So, before those of us who carry such privilege in our backpack, assume
that we would not intrude upon Jesus’s personal space with such audacity and
boldness, or that we would not humble
ourselves before a group that had just so disrespected us, let’s you and I walk
a mile or two in her shoes, her Canaanite shoes.
The conversation that Jesus and woman
proceed to have is unworthy of our Jesus, and Matthew knows that. But Matthew, inspired by the Holy Spirit,
needs us to hear it because the church still, to this day, confuses justice and charity. Jesus said to this
woman, weary from night after night of rubbing her daughter’s back, bathing her
forehead, listening to her cries, holding her trembling body, to her Jesus
said, “It is not fair to take the
children’s food and throw it to the dogs.” And summoning every ounce of
self-control that she can, the woman answers, “Yes, Lord, yet even the dogs eat the crumbs that fall from their
masters’ table.”
When I hear her say those words, it
breaks my heart. Because it says that
she has been so beaten down, and so consumed by worry for her child, that she
will sacrifice her own dignity for the sake of another. In this moment she is Messianic, she is self-sacrificing,
she is embodying the love of
God.
I see
this woman’s face, every day, in fact: in the women who walk into the Food Bank in my
Church, and I hear her voice in the words that are spoken as they register and
check in. I am grateful that these women
are treated with respect and dignity by our volunteers, but I know they’ve
heard the comments hurled at them by our society: “freeloaders, welfare queens, lazy, good for
nothing.” When we give to the poor out
of our abundance, are we distributing crumbs to the dogs under the Master’s
table (along with a helping of shame and humiliation)? Or are we, conscious of our unclean hands,
partnering with God to try to undo the economic injustice of our society, that
has made a handful of people fabulously wealthy, while leaving scraps for
public education, health care, nutrition, housing, college tuition, and job
training?
Does it still have to be said in 21st
century America that it is not a sin to be poor, that it is not a sin to be
sick, illiterate, marginalized, mentally ill, addicted, bankrupt, persecuted, a
refugee from tyrants, a teenager who is bullied? Being weak or in-need shouldn’t put someone
under the table with the dogs. In God’s
kingdom it is the hungry person who
is seated first, and are not the ones in need of forgiveness, those who would
deny them a chair?
Well, just when I am ready to give up
on Jesus in this story, he responds with words that give me back my hope and
restore my faith. Because with this
woman kneeling before him, Jesus doesn’t say, “your obedience is impressive,
your submission is acceptable, your shame makes me pity you sufficiently.” Instead Jesus looks at her, looks at his
disciples, and looks at the crowd, and whether he has just come to this
conclusion or not—the Bible doesn’t tell us—Jesus gets it.
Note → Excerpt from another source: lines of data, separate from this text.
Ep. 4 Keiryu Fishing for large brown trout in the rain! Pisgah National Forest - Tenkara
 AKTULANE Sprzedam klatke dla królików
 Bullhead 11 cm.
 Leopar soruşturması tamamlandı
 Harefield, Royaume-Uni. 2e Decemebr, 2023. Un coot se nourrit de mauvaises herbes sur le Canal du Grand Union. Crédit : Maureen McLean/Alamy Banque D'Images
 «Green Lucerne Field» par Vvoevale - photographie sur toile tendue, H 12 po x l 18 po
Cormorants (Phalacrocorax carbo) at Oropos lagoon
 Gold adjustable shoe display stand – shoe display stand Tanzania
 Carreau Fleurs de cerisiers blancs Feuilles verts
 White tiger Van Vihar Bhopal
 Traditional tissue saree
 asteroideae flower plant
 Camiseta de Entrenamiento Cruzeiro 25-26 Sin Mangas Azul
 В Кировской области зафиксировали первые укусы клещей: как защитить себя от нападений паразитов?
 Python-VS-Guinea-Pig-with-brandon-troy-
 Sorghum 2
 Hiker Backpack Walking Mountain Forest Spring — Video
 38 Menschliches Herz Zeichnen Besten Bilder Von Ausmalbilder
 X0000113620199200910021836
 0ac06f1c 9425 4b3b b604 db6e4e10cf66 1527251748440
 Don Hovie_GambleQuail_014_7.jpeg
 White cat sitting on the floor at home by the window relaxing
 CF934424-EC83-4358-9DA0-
There may be a passage in scripture that
condemns this woman, there may be a standing policy that denies her mercy and
justice and inclusion, but Jesus looks at her self-sacrificial posture, her
willingness to be humiliated for her daughter, her God-like compassion and tells
her to stand up, and with one phrase Jesus restores her dignity: “woman, great
is your faith! Let it be done for you as
you wish.” And it was.
Did you hear that first part? He praises…her
faith. And in that moment, we know that Jesus sees her, includes her, is in fellowship
with her, and (dare we say it) has learned
from her. The word faith is used 17 times in Matthew’s gospel, and always it is the
mark of genuine discipleship, either because one has it or because one lacks
it. Those who need to hear the Sermon on
the Mount are called “those of little faith,” the Centurion in chapter 8 (another
outsider) has his servant healed because of the Centurion’s faith, the
disciples in the boat during the storm are afraid because they lack faith, the
paralyzed man is healed because of the faith of his friends, faith the size of
a mustard seed will be capable of accomplishing anything, and what do the Pharisees, scribes, and hypocrites lack? Justice, mercy, and faith.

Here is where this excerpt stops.